Taking that approach, the firm is targeting a 150MW storage portfolio within the next two years. Castiglioni admits that is ambitious and that engaging customers will be key within this emerging sector.
“Doing business with customers is not straightforward. We have experience with energy efficiency so we understand how complex it is. It is not like building a solar park, which, once you have planning and connection, is easy to do,” he says.
“But people are getting up to speed and they know batteries can benefit their business and give them an edge – because if you have lower opex, it is money you can put somewhere else in your operation.”
Ambitious targets suggest Ingenious has faith that its business model will attract customers and that it can overcome issues around certainty and visibility of revenue. Castiglioni accepts that FFR revenues may fall markedly, as some predict, but suggests that risk is counterbalanced by market fundamentals.
“We are comfortable that the need for battery will still be there,” he says.
“The more intermittent renewable generation that is put onto the grid, the more batteries we need. The more that older generation comes off the system the more batteries are needed on the grid.
“So, we take comfort from the fact that there will be a need for battery storage. But also from the high flexibility of the asset itself; it can chase different revenues and do different things. Unlike a solar plant, where if you kill the subsidies you kill the project, the battery can actually chase different revenues,” says Castiglioni.
“So we know things will change, but we are confident that the battery will be flexible enough to chase different revenues.”
Castiglioni takes a similarly pragmatic view on technical risk around potential asset degredation as a result of performing multiple services.

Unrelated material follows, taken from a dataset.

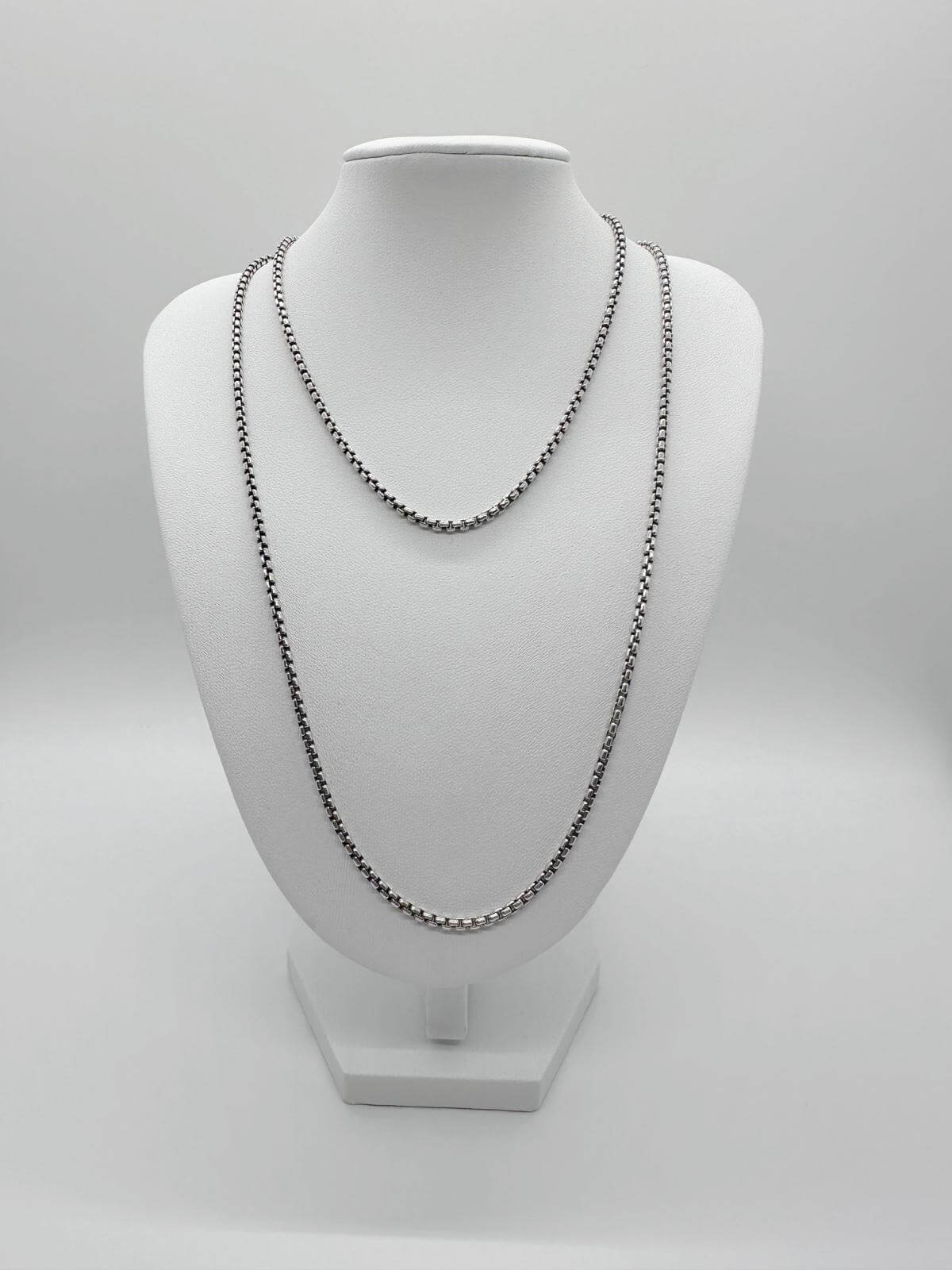 David Yurman box chain Silver chain necklace on a white mannequin bust against a white background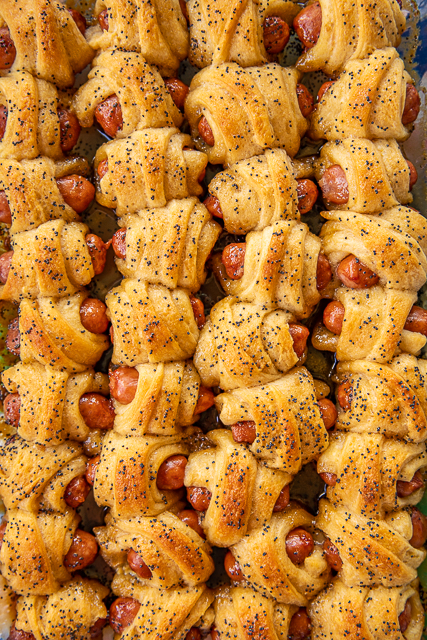 Glazed Pigs in a Blanket - pigs in a blanket baked in a sweet and savory brown sugar glaze. Took these to a party and they were gone in minutes!!! Crescent rolls, dijon mustard, little smokies, brown sugar, butter, poppy seeds and Worcestershire sauce. I have zero self-control around these things! Dangerously delicious!! A MUST for all your tailgates and parties! #tailgating #Pigsinablanket #partyfood #appetizer Glazed Pigs in a Blanket - pigs in a blanket baked in a sweet and savory brown sugar glaze. Took these to a party and they were gone in minutes!!! Crescent rolls, dijon mustard, little smokies, brown sugar, butter, poppy seeds and Worcestershire sauce. I have zero self-control around these things! Dangerously delicious!! A MUST for all your tailgates and parties! #tailgating #Pigsinablanket #partyfood #appetizer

“Warranties are important [and]more importantly who’s providing them. We will operate with suppliers that are going to be there for us in the long run. Experience says that things can go wrong, so we are focusing on top tier suppliers.”
As in any market, Castiglioni says credible suppliers will tackle problems should they emerge.
“The worst-case scenario is that in year ten, you start putting in some new cells, maybe second life, maybe new technology,” he says.
“The technology is moving so quickly. The revenue stream is changing. There are so many different variables that it is impossible to model all of the potential scenarios that may arise.
“Ultimately we need to take comfort from the underlying asset.”
While Ingenious perceives a growth opportunity for its business, Triodos Bank’s Philip Bazin believes the market may end up being relatively small, compared to the renewables sector.
“We can see a longer-term demand, the question is how much demand, how much supply and what are the barriers to entry. At the moment, there are simply a lot of unknowns,” he says.